By the time DES was formally evaluated, it was standard of care in high-risk obstetrics practices. The first clinical trial to determine the efficacy of DES, reported in 1953, showed that DES did not improve pregnancy outcome. (Indeed, a subsequent reanalysis of the data revealed that DES increased the risk of spontaneous abortion, preterm birth, and neonatal death) Despite lack of evidence supporting a benefit, DES continued to be prescribed during pregnancy until 1971, when a small study showed a stunning 40-fold increase in the risk of clear cell adenocarcinoma (CCA) of the vagina and cervix in girls and young women who were prenatally exposed to DES. Several months later, the Food and Drug Administration issued a bulletin indicating that the use of DES was contraindicated in pregnancy. By then, however, millions of women, along with their sons and daughters, had been needlessly exposed.

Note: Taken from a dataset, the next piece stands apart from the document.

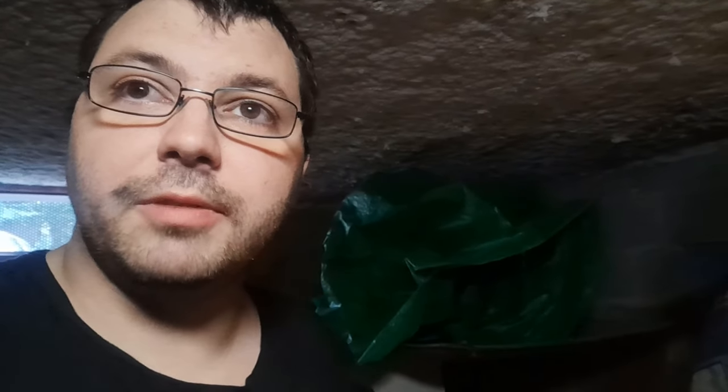Je fais cette vidéo pour répondre à un commentaire. J'avais eu un commentaire sur la vidéo quand j'avais abîmé le moteur de la voiture. Quelqu'un m'a dit : 'Ouais, mais en même temps, tu achètes un moteur à 120 euros, il ne faut pas s'étonner.' Ben, ça ne veut rien dire. Parce que le moteur, je l'ai acheté 120 euros parce que c'est un casseur qui l'a vendu.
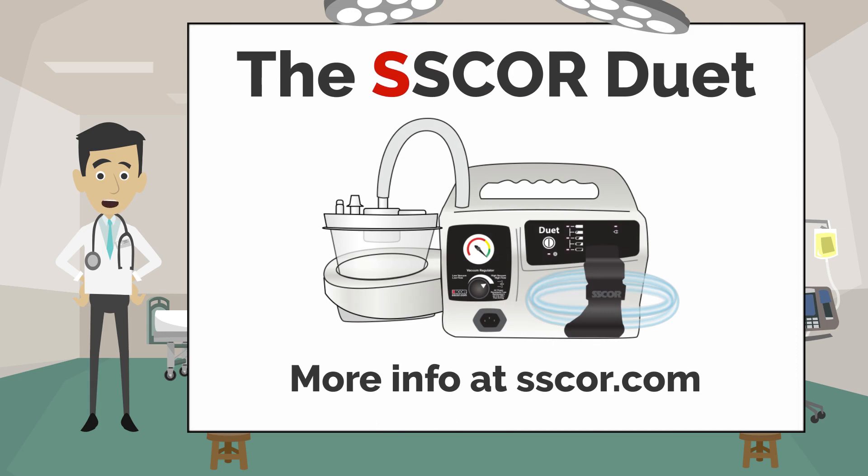The SCORE Duet. Find more information at SCORE.com SCORE DUET.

In addition to the increased risk of CCA of the vagina and cervix, daughters exposed in utero to DES also suffered from an increased occurrence of reproductive tract abnormalities, infertility, and pregnancy complications; earlier menopause; twice the incidence of cervical dysplasia; and a possible elevated risk of breast cancer and continued increased risk of CCA in middle age. Recent preliminary data indicate the possibility of an increased risk of cardiovascular disease and diabetes in the prenatally exposed women. Mothers administered DES during pregnancy have an increased risk of breast cancer incidence and mortality. Sons who were exposed in utero have an increased risk of genitourinary defects and a possible increase in testicular cancer. The possibility of epigenetic transmission with consequent adverse outcomes in the offspring of prenatally exposed women is under investigation. Preliminary findings showed increased menstrual irregularity and a possible excess of ovarian cancer in very young women.

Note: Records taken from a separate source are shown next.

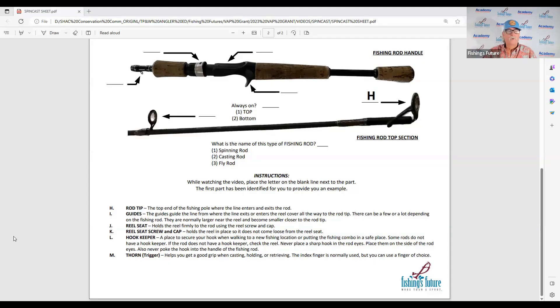For a quick review: H is the rod tip eyes, I is the guides — and remember, when using a spin cast on a casting-type rod, always on top. J is the reel seat, and K is the reel seat screw and cap. Now we're down to this next little device.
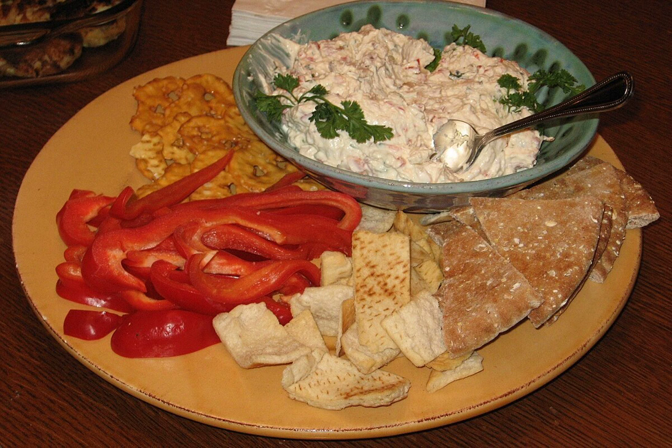The ingredients used in this recipe were minced canned clams, cream cheese, lemon juice, Worcestershire sauce, garlic, salt, and pepper.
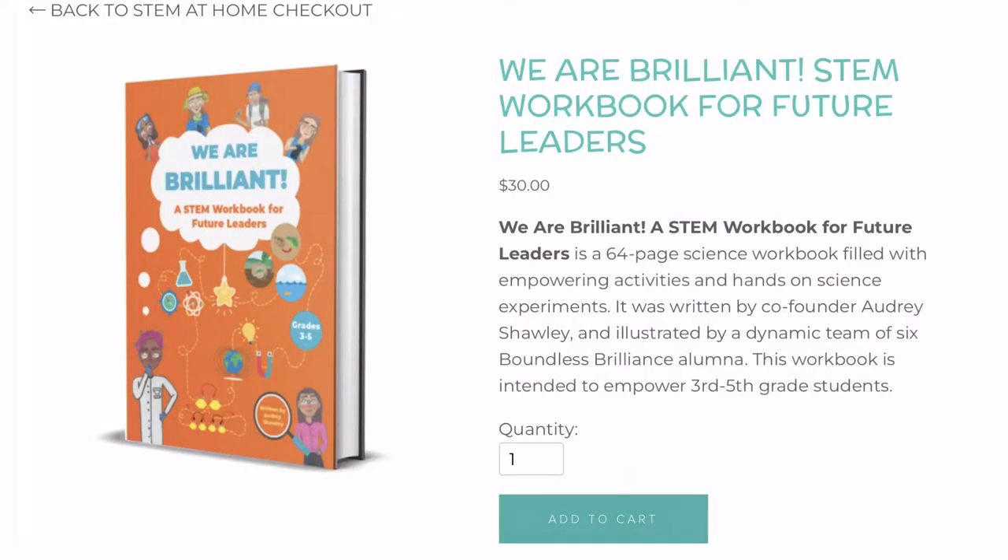Finally, I'll lead us through an empowering activity that can also be found in our STEM workbook. Check out the link down below in order to get your very own STEM workbook and get access to lots of science experiments and empowering activities.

The link between prenatal DES exposure and subsequent adverse health outcomes, most of which are fairly common, may easily have escaped detection. The investigation of DES outcomes was initiated solely because a rare tumor occurred in a cluster of cases at an unusually young age, decades before the usual age of presentation. This historical example underscores the necessity of carefully weighing the risks and benefits of interventions in pregnancy and long-term monitoring of the health outcomes in mothers and offspring.

Whether and/or when to use pharmaceutical intervention in pregnancy continues to pose special challenges. At the present time, progesterone used to prevent pregnancy loss appears to be effective, although more data are needed. Thus far, there is little evidence of short-term adverse consequences for the offspring, but continued monitoring of mothers and offspring is warranted to identify any short- or long-term adverse effects. The use of progestins for luteal phase and early pregnancy support after in vitro fertilization is routine, and there are even fewer data on potential short- and long-term risks of this therapy. The tragic legacy of DES supports a cautious approach to the use of pregnancy interventions and assiduous appraisal of their effects.

Rebecca Troisi, Elizabeth E. Hatch, Linda Titus,
Reviewed by Dr Robert Hoover,

Click to download the full paper.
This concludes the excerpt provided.